Questions: Copper(II) sulfate forms several hydrates with the general formula CuSO4 · x H2O, where x is an integer. If the hydrate is heated, the water can be driven off, leaving pure CuSO4, behind. Suppose a sample of a certain hydrate is heated until all the water is removed, and it's found that the mass of the sample decreases by 18%. Which hydrate is it? That is, what is x?

Determine the value of \( x \) in the hydrate \(\mathrm{CuSO}_{4} \cdot x \mathrm{H}_{2} \mathrm{O}\) given that the mass of the sample decreases by \(18\%\) upon heating.

Define the initial and final masses.

Let the initial mass of the hydrate be \( m \). After heating, the mass decreases by \(18\%\), so the final mass is \( 0.82m \).

Express the mass of the hydrate and the anhydrous compound.

The mass of the hydrate is \( m = M_{\mathrm{CuSO}_{4}} + xM_{\mathrm{H}_{2} \mathrm{O}} \), where \( M_{\mathrm{CuSO}_{4}} \) is the molar mass of \(\mathrm{CuSO}_{4}\) and \( M_{\mathrm{H}_{2} \mathrm{O}} \) is the molar mass of water.

Calculate the molar masses.

The molar mass of \(\mathrm{CuSO}_{4}\) is \( 63.55 + 32.07 + 4 \times 16.00 = 159.62 \, \text{g/mol} \).

The molar mass of \(\mathrm{H}_{2} \mathrm{O}\) is \( 2 \times 1.01 + 16.00 = 18.02 \, \text{g/mol} \).

Set up the equation for the mass decrease.

The mass of the anhydrous \(\mathrm{CuSO}_{4}\) is \( 0.82m \).

Thus, \( 0.82m = M_{\mathrm{CuSO}_{4}} \).

Substituting \( m = M_{\mathrm{CuSO}_{4}} + xM_{\mathrm{H}_{2} \mathrm{O}} \):

\( 0.82(M_{\mathrm{CuSO}_{4}} + xM_{\mathrm{H}_{2} \mathrm{O}}) = M_{\mathrm{CuSO}_{4}} \).

Solve for \( x \).

Rearrange the equation:

\( 0.82M_{\mathrm{CuSO}_{4}} + 0.82xM_{\mathrm{H}_{2} \mathrm{O}} = M_{\mathrm{CuSO}_{4}} \)
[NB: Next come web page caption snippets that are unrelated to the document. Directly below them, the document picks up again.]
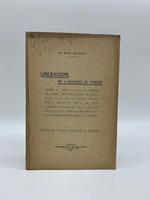 Liberatione de l'assedio di Torino Diario del Principe Eugenio di Savoia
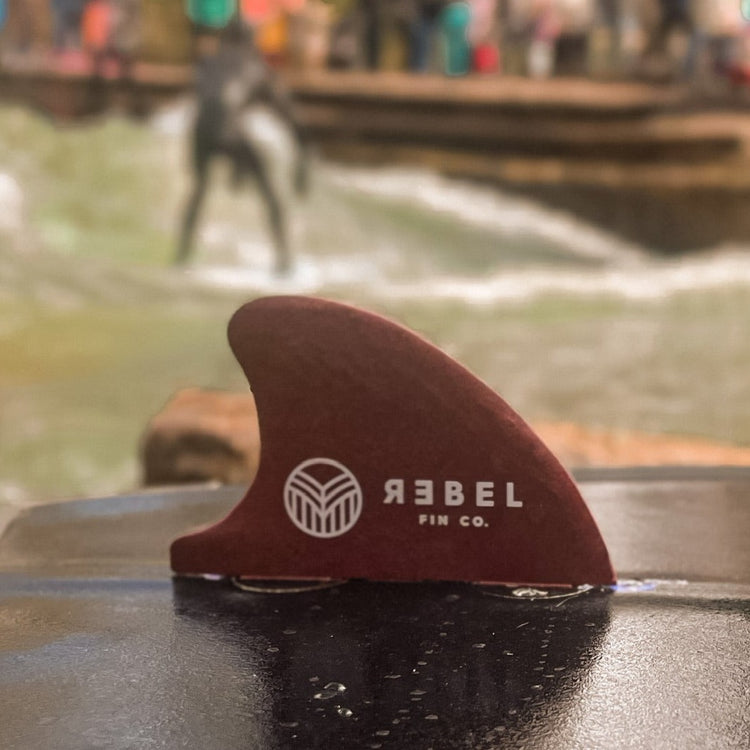 RAPID FIN - FCS 1 - Driftwood Fins x Rebel Fin - recycelte Fischernetze - REBEL FIN CO.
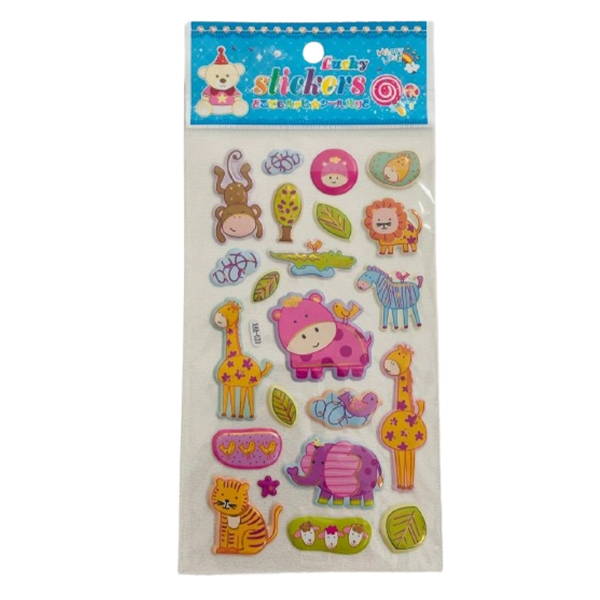 تصویر  استیکر 3 بعدی فانتزی طرح 7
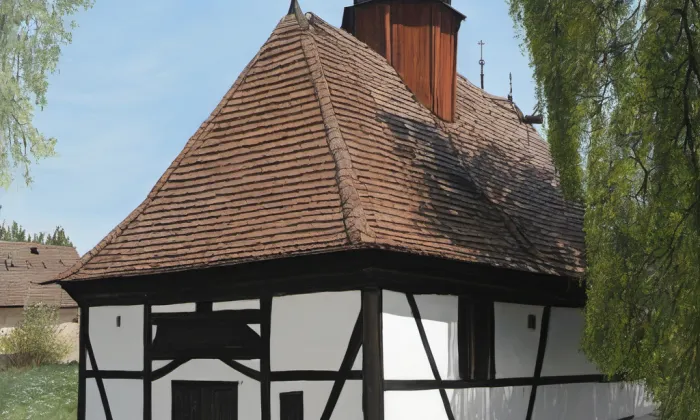 Kostel svatého Václava (Žatec) – noc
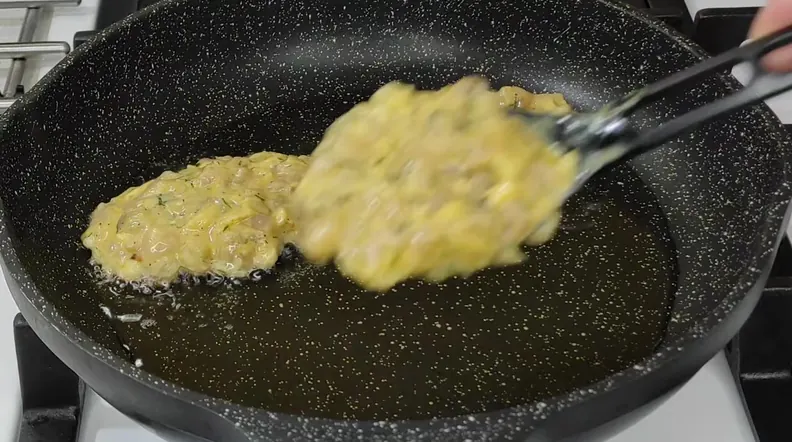 рублені курячі котлети з грибами — крок 8, покроковий рецепт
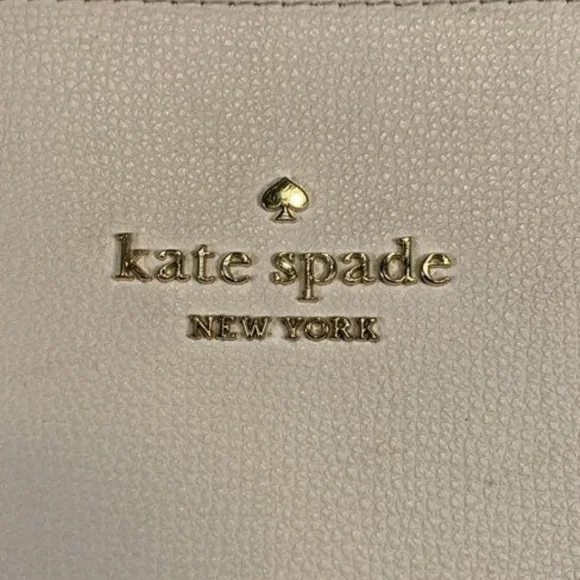 Kate Spade Light Beige Tote Bag - Picture 5 of 6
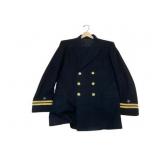 Military Uniform, Naval Academy - size Large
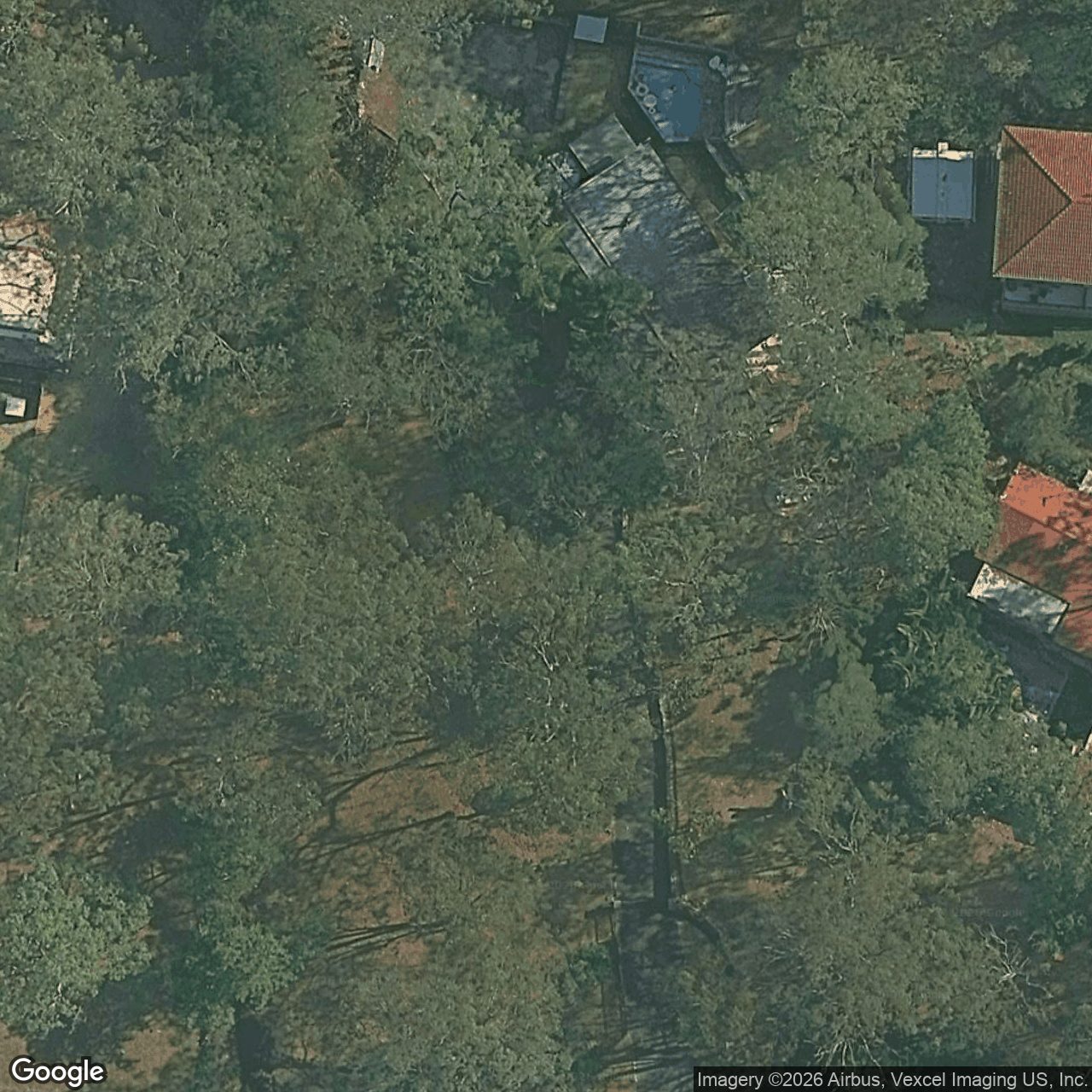 Aerial view of 7 Thredbo Drive, Worongary QLD 4213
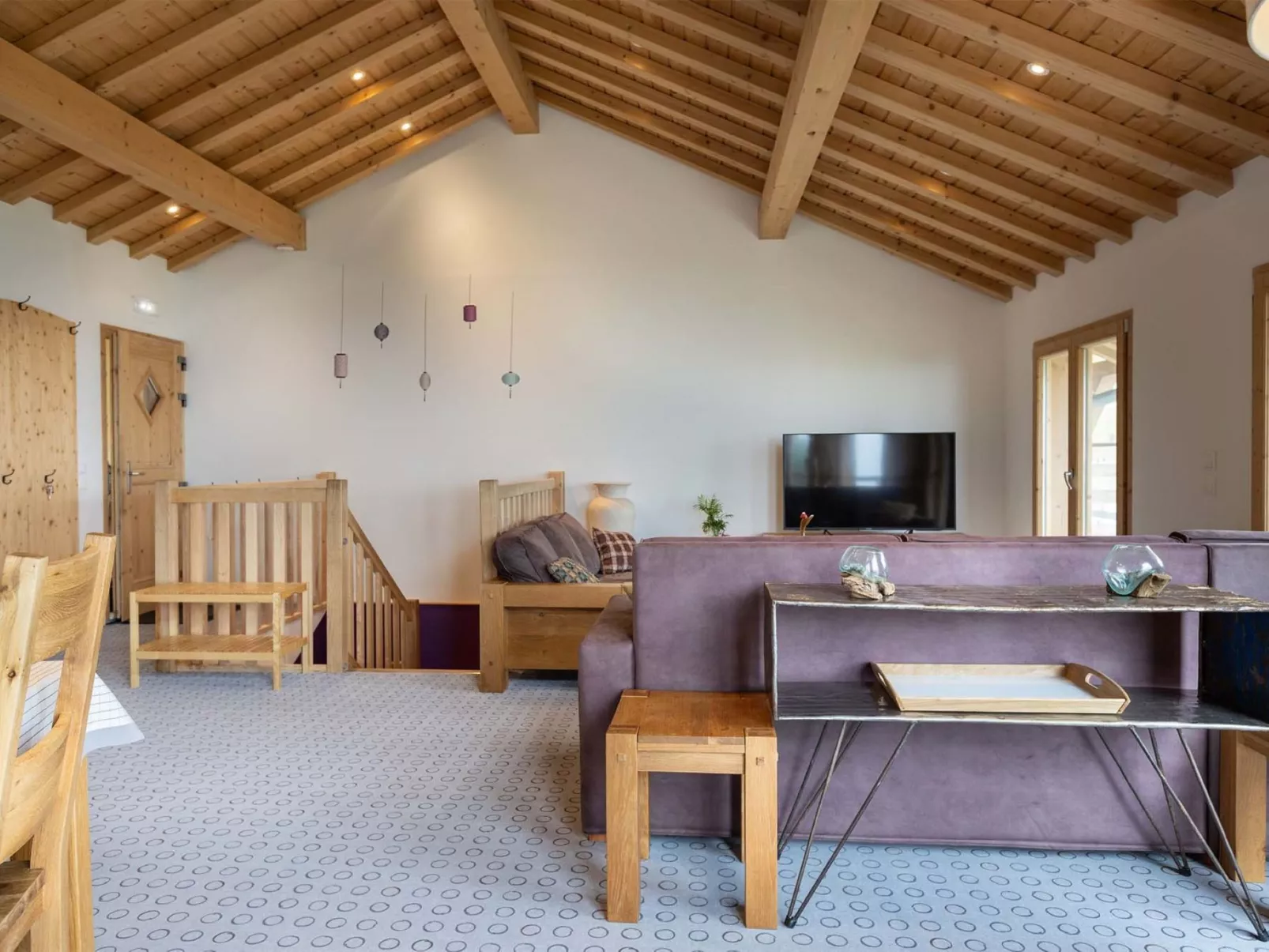 Chalets Les Amis-Drinnen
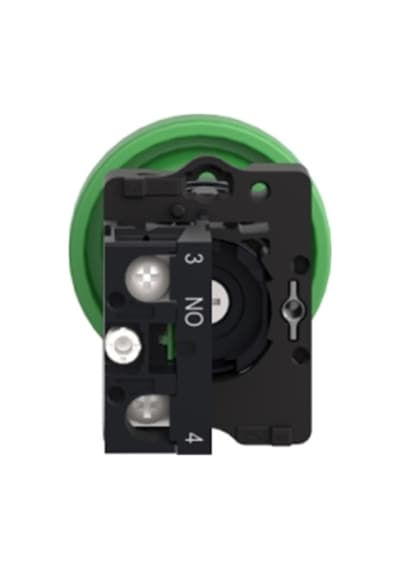 Schneider Electric XA2EC31 Yaylı buton Ø22 - mantar kafalı Ø40 -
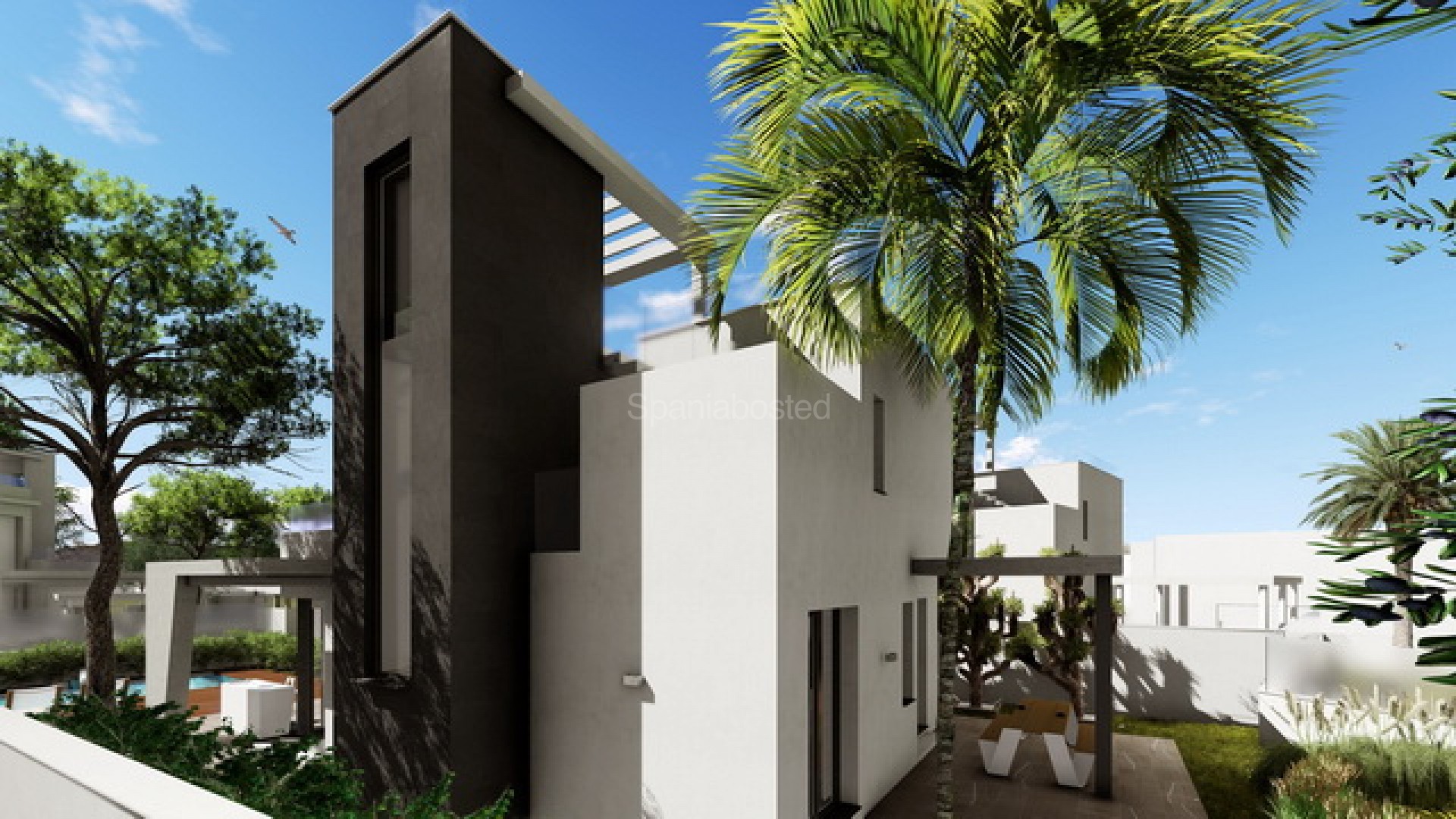 Nueva construcción  - Villa -
Alicante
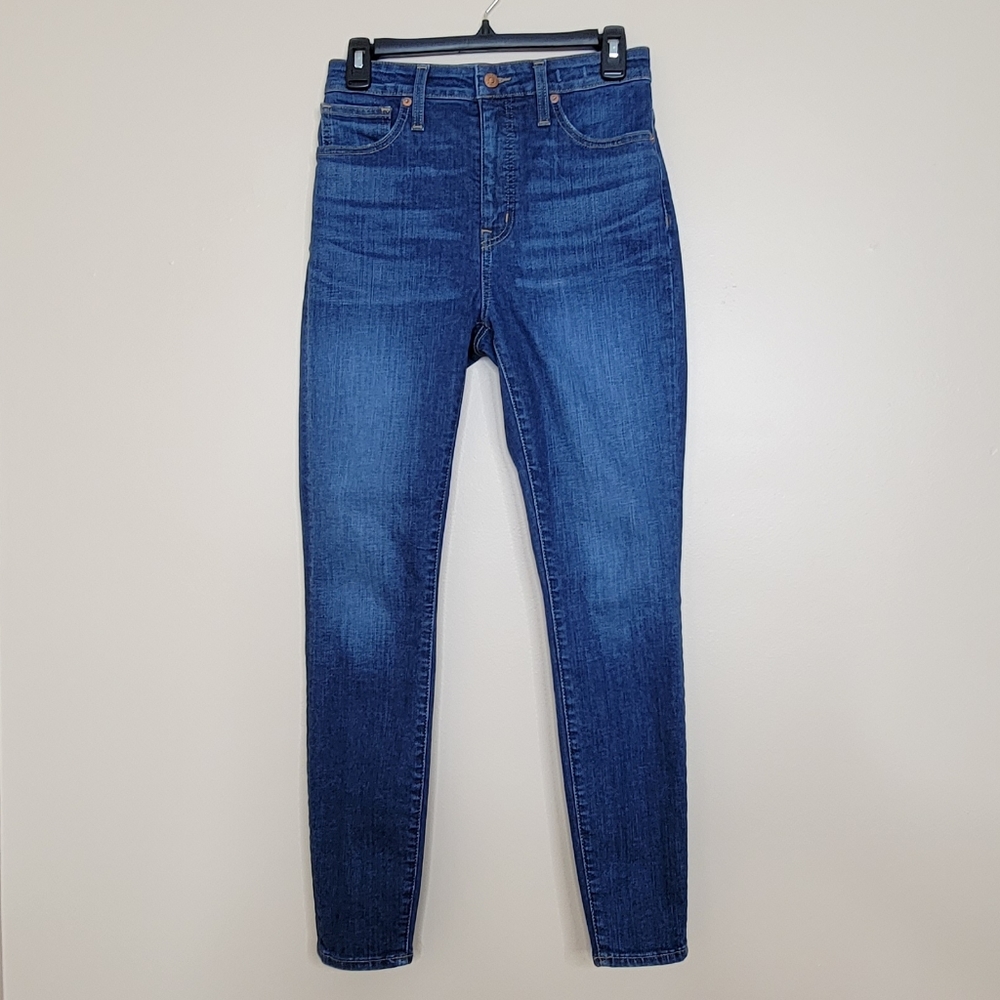 Madewell Curvy High-Rise Skinny Jeans Size 28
\( 0.82xM_{\mathrm{H}_{2} \mathrm{O}} = M_{\mathrm{CuSO}_{4}} - 0.82M_{\mathrm{CuSO}_{4}} \)

\( 0.82xM_{\mathrm{H}_{2} \mathrm{O}} = 0.18M_{\mathrm{CuSO}_{4}} \)

\( x = \frac{0.18M_{\mathrm{CuSO}_{4}}}{0.82M_{\mathrm{H}_{2} \mathrm{O}}} \)

Substitute the molar masses:

\( x = \frac{0.18 \times 159.62}{0.82 \times 18.02} \)

\( x \approx 1.98 \)

Since \( x \) must be an integer, we round to the nearest whole number:

\( x = 2 \).

\(\boxed{x = 2}\)

\(\boxed{x = 2}\)